Using the listing below, give again exactly the lines from the line with "Insert SysTools as" to the line with "From here, you", inclusive, without the pictures.

Given information:
____

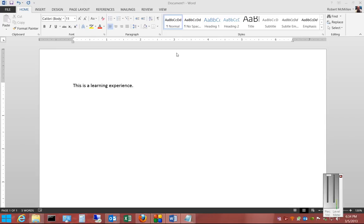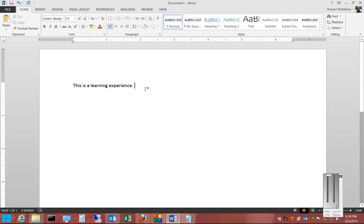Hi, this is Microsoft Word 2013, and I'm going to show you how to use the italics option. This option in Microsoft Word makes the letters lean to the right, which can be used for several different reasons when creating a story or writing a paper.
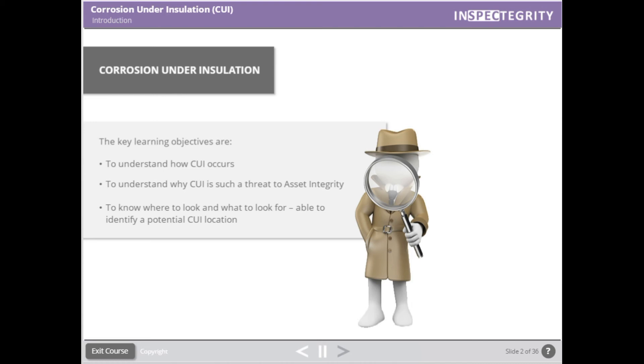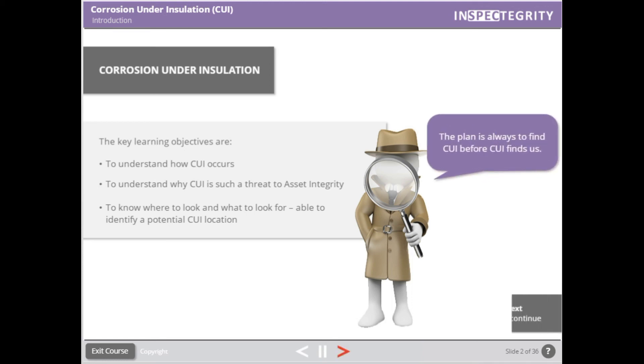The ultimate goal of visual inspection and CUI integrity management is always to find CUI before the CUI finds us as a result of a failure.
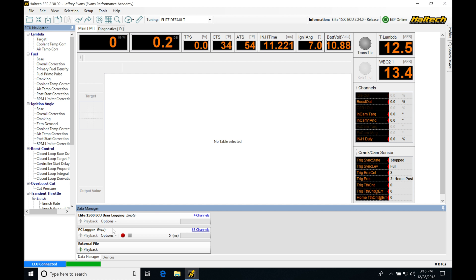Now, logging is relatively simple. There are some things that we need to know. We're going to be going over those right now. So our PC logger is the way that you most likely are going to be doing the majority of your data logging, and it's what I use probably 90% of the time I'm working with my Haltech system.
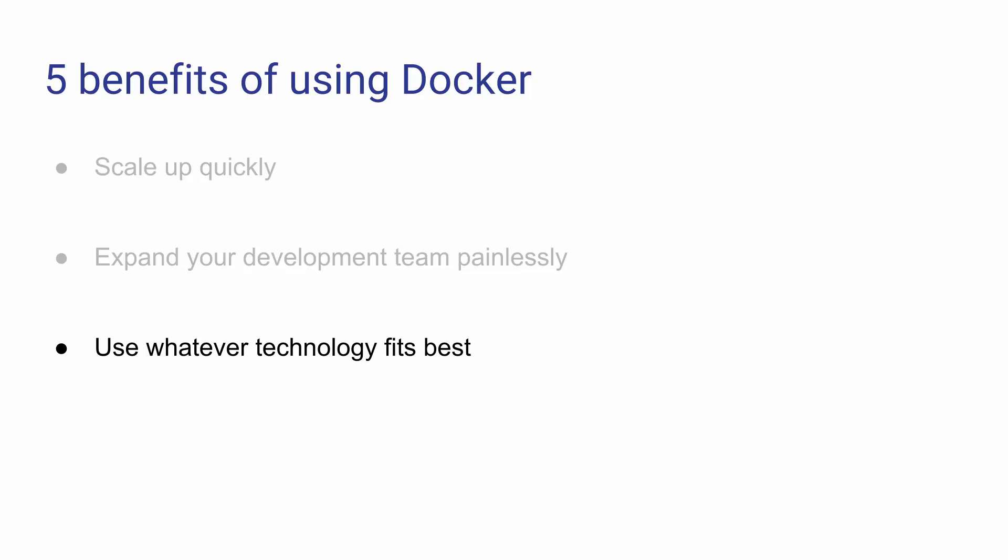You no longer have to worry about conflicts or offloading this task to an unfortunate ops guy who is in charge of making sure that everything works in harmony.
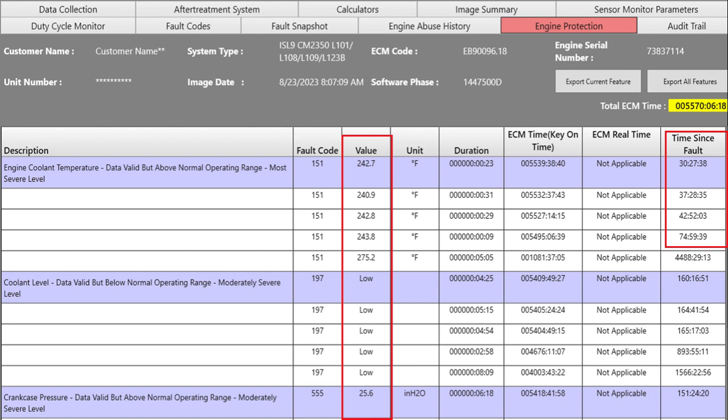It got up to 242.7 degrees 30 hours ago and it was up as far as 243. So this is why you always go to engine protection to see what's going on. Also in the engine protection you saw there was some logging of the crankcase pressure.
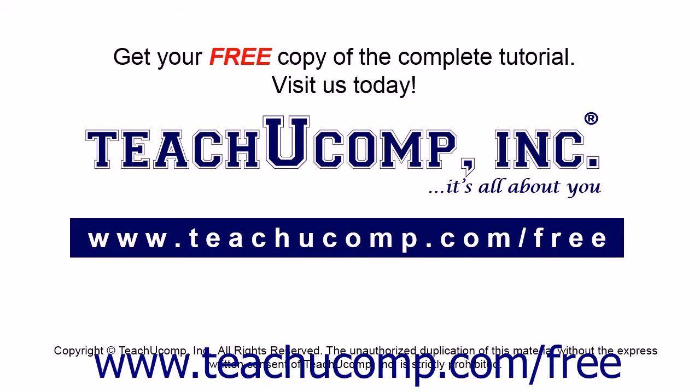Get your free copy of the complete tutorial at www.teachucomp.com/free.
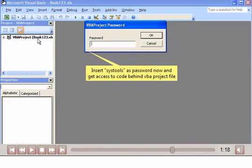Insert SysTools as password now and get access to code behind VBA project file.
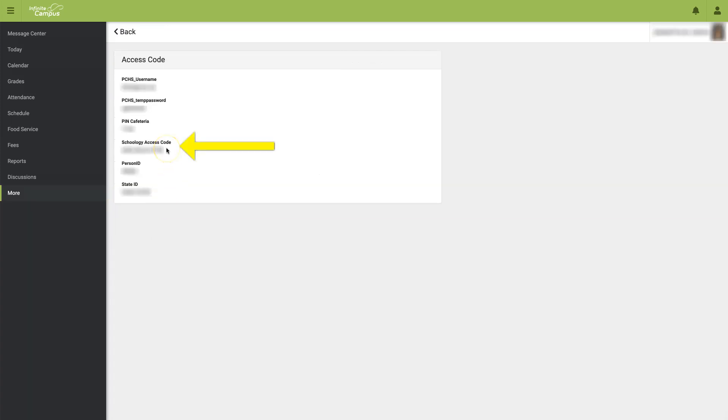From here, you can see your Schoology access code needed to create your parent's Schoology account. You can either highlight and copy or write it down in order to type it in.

____

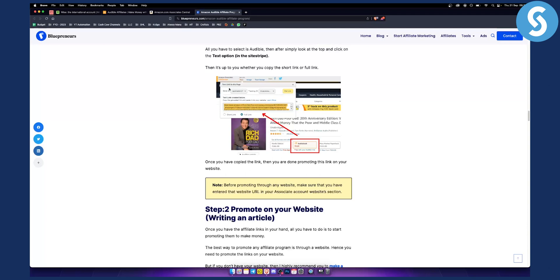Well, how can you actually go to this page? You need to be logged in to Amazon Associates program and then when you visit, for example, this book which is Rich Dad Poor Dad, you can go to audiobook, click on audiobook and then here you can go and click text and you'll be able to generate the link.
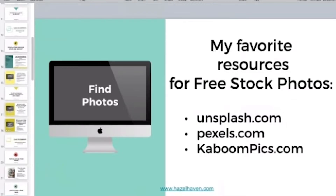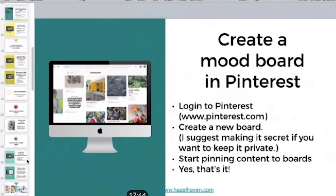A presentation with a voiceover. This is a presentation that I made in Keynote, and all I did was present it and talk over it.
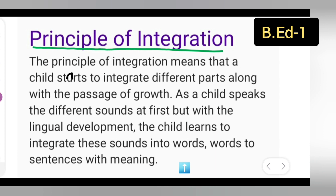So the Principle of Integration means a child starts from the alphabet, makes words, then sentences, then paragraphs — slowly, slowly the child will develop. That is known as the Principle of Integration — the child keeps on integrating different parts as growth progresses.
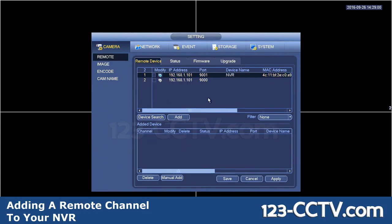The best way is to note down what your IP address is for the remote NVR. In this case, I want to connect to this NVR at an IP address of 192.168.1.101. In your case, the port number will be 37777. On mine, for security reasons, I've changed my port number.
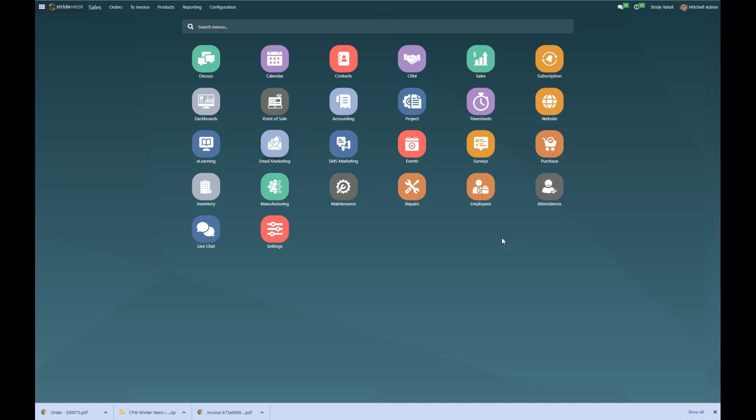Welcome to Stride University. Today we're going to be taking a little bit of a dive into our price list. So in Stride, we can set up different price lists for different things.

____

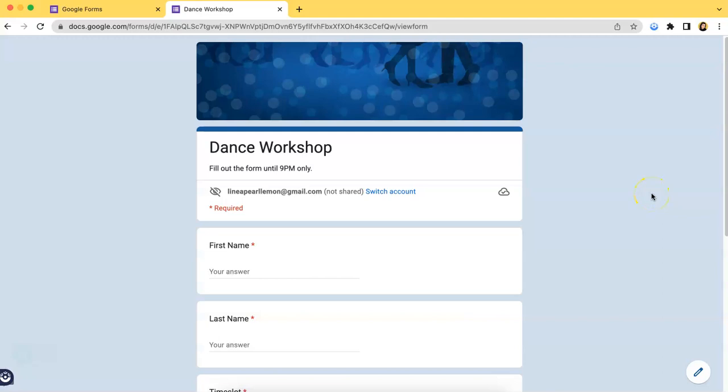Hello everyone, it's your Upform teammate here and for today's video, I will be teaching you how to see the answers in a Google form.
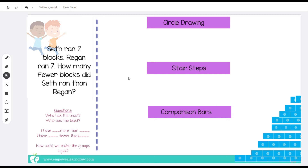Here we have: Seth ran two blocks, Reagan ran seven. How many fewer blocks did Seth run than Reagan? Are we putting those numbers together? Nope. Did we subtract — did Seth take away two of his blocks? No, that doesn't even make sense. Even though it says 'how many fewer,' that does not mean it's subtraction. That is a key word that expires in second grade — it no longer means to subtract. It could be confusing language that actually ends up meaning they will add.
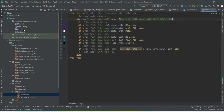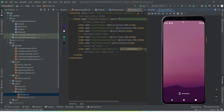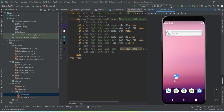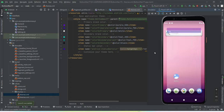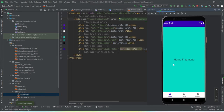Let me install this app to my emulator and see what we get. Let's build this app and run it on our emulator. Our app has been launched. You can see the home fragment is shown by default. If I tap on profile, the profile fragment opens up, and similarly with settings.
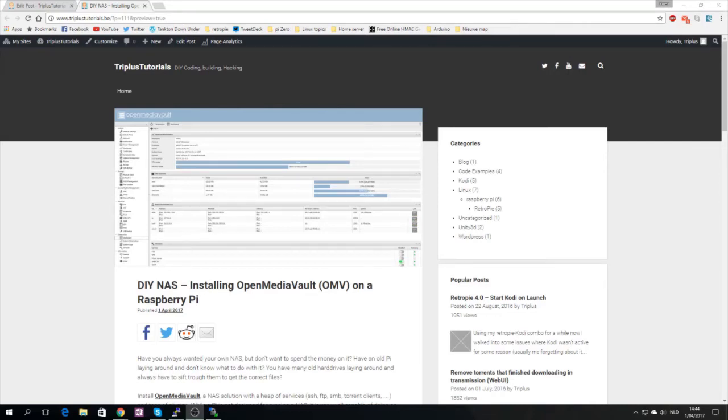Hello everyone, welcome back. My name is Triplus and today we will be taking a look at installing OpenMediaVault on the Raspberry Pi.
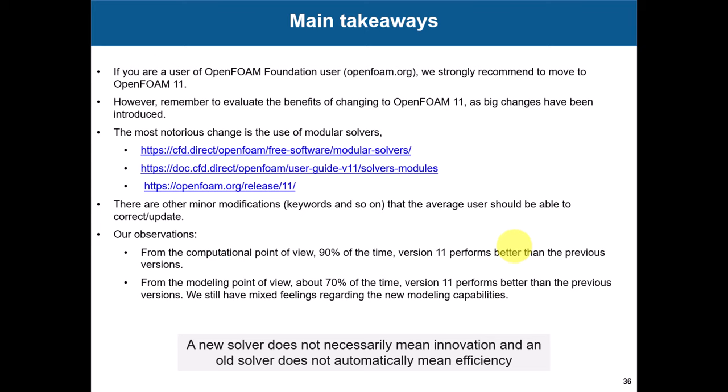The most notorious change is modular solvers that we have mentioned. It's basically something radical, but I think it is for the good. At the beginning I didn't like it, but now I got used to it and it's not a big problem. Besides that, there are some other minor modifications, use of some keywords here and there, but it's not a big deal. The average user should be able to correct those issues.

____

Exercise answer:
Insert SysTools as password now and get access to code behind VBA project file.
From here, you can see your Schoology access code needed to create your parent's Schoology account. You can either highlight and copy or write it down in order to type it in.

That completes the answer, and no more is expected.